Marlène Mckinnon vivait à un rythme aussi rapide que si le Sinitros la coursait, chose qui l'aida à chasser de sa tête le beau brun ténébreux qui continuait de se pavaner comme un paon dans le château, qui continuait de montrer insouciance à l'extérieur alors qu'à l'intérieur il était aussi impliqué dans la quête de la vérité que Marlène, sans qu'aucun d'eux ne le sache.

Marlène recevait souvent des réprimandes de ses professeurs en cours, la tête ailleurs, l'ouïe aiguisée, elle écoutait plus aux portes qu'aux professeurs, elle travaillait d'arrache-pied dans sa quête obsessionnelle, jonglait entre entrainement de Quidditch et espionnage, elle révisait rarement ses cours et le professeur Mcgonagal finit par l'interpeller, avant la fin du premier mois de cette nouvelle année.

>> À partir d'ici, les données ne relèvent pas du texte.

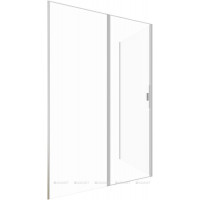 Душевое ограждение Allen Brau Priority 1400х900 мм 8 мм серебро браш 3.31035.BA/3.31044.BA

- Bonsoir professeur. Dit Marlène en sortant sa baguette et en s'asseyant devant sa directrice de maison comme chaque lundi soir.

- Rangez votre baguette, Marlène. Nous allons un peu discuter.

Le ton maternel de Minerva n'échappa pas à Marlène, bien au contraire, il eut pour effet d'aiguiser sa méfiance et d'hérisser les poils de sa nuque.

- Quelqu'un est mort ? Demanda Marlène de but en blanc.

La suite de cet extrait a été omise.